Las comparecencias ante el juez Llarena versionan el relato de la declaración unilateral de independencia en todas sus modalidades. Desde el irreversible anuncio de la constitución de la república catalana hasta el simbolismo de hacer público un deseo sin especiales intenciones de llevarlo a la práctica. El independentismo se desnuda ante la justicia, rindiéndose todo él frente a una requisitoria general. Pero también la justicia y el Estado se desnudan a cuenta del independentismo, porque bordean los límites de la separación de poderes cuando hay consideraciones de oportunidad, de prevención o de estimaciones hipotéticas en los autos. La estrategia de defensa es el eufemismo tras el cual los dirigentes independentistas, sin excepción, tratan de adecuarse a las circunstancias. Abonando, ante los suyos, el supuesto de que una cosa es la declaración ante el juez y otra el ánimo firme de sus propósitos. Pero también la justicia se rinde cuando aparece en el cuadro jugando con los investigados a una partida sin reglas previas, sobre quién debe continuar en prisión, quién puede sortear el trance mediante qué fianza, y qué conducta es tangencial a los hechos por los que se interesa la instrucción.
Rendirse en política es confiarlo todo a la buena suerte en unas próximas elecciones.

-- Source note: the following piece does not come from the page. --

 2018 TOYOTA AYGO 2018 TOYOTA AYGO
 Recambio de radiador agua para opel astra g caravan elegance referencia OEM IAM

Nadie las quiere, se dice. Pero nadie hace nada para evitarlas, confiando en que
El independentismo se desnuda ante la justicia, pero también la justicia y el Estado se desnudan a cuenta del independentismo
a última hora una ocurrencia sortee su convocatoria. Catalunya ha acabado con el mito de que el poder siempre sabe lo que se trae entre manos. Hasta el punto de que resulta imposible intuir siquiera quién exige a quién su rendición en estos momentos. No hay muestra más elocuente que el enredo interventor del 155 frente a la inmersión lingüística para atestiguarlo. Mejor rendirse a tiempo de buscar una salida.